Exercise brief: Every entry below must be repeated exactly; skip the pictures.

Task inputs:
┌────────

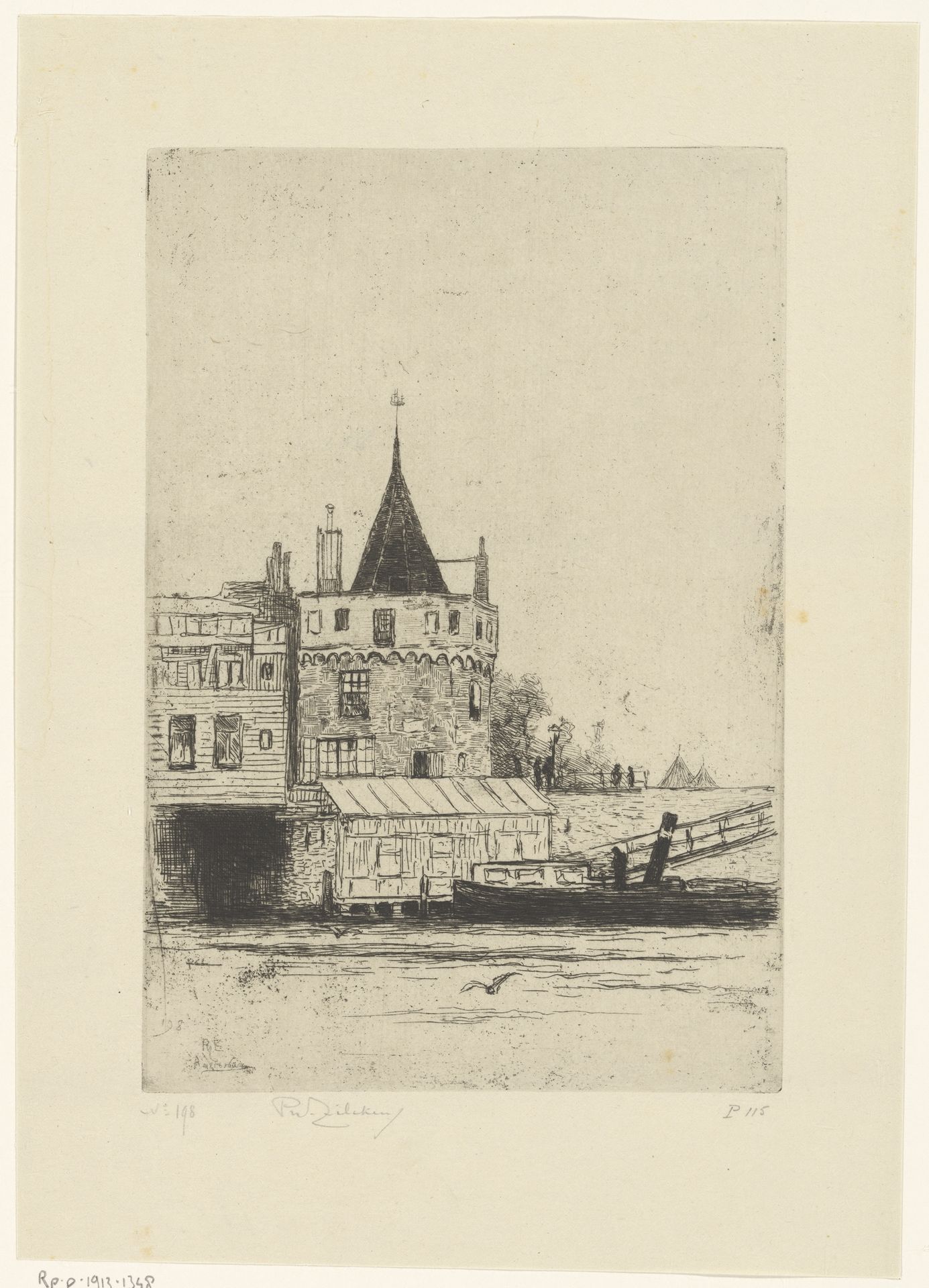 Gezicht op de Schreierstoren, te Amsterdam by Philip Zilcken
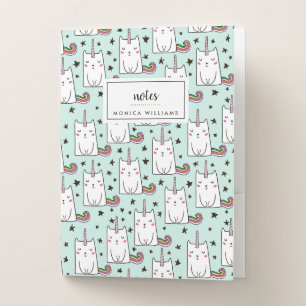 Add Your Name   Cute Hand Drawn Unicorn Cat Pocket Folder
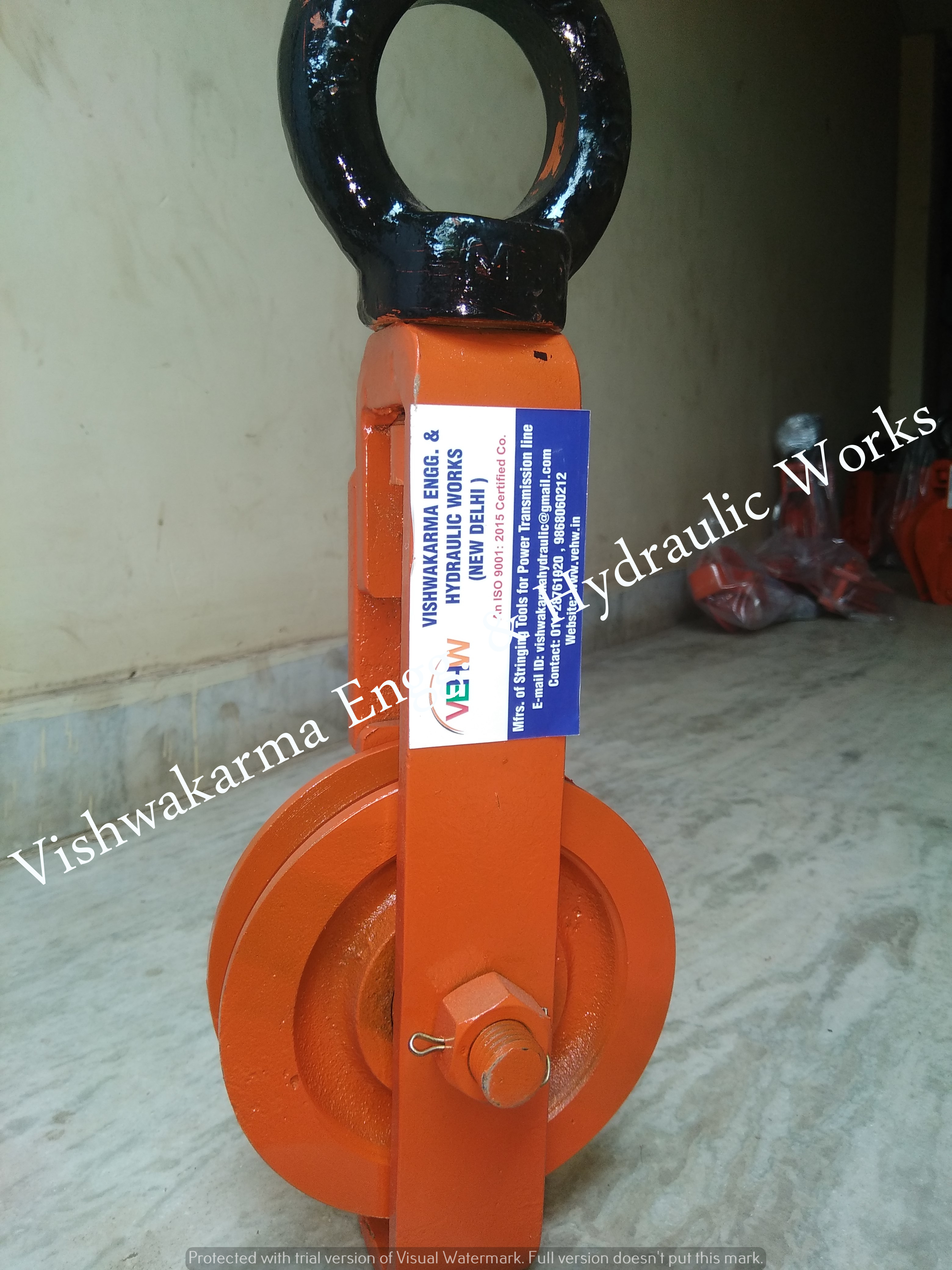 Yellow Single Sheave Wire Rope Pulley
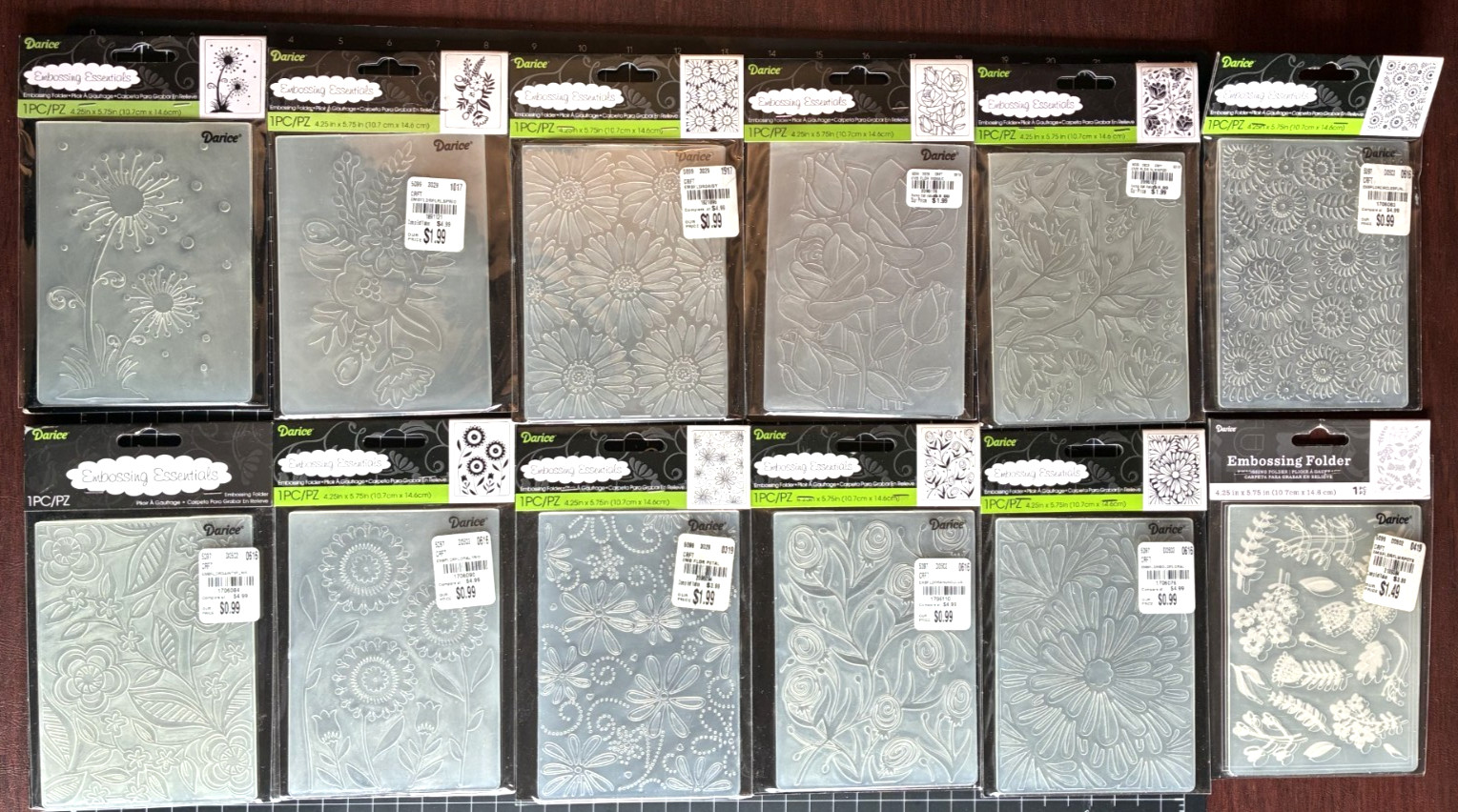 Darice Embossing Essentials Folders FLOWER, FLORAL, ROSE, DAISY, Dandelions ETC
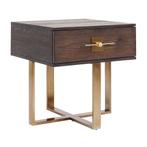 *WOONWINKEL* Kare Design Osaka Nachtkastje Hout Met Messing, Huis en Inrichting, Verzenden, Nieuw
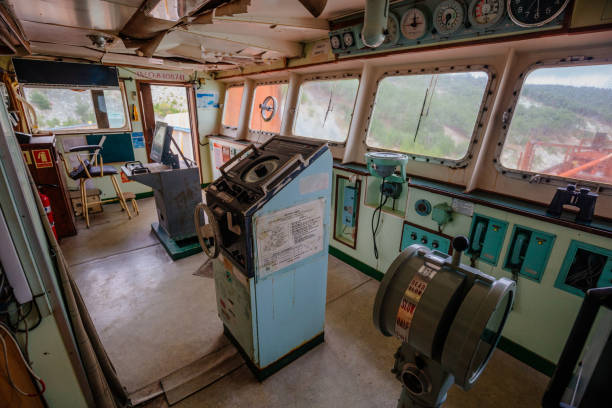 istock Navigational bridge and control device on old abandoned ship 1852800211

└────────

Answer:
 Gezicht op de Schreierstoren, te Amsterdam by Philip Zilcken
 Add Your Name   Cute Hand Drawn Unicorn Cat Pocket Folder
 Yellow Single Sheave Wire Rope Pulley
 Darice Embossing Essentials Folders FLOWER, FLORAL, ROSE, DAISY, Dandelions ETC
 *WOONWINKEL* Kare Design Osaka Nachtkastje Hout Met Messing, Huis en Inrichting, Verzenden, Nieuw
 istock Navigational bridge and control device on old abandoned ship 1852800211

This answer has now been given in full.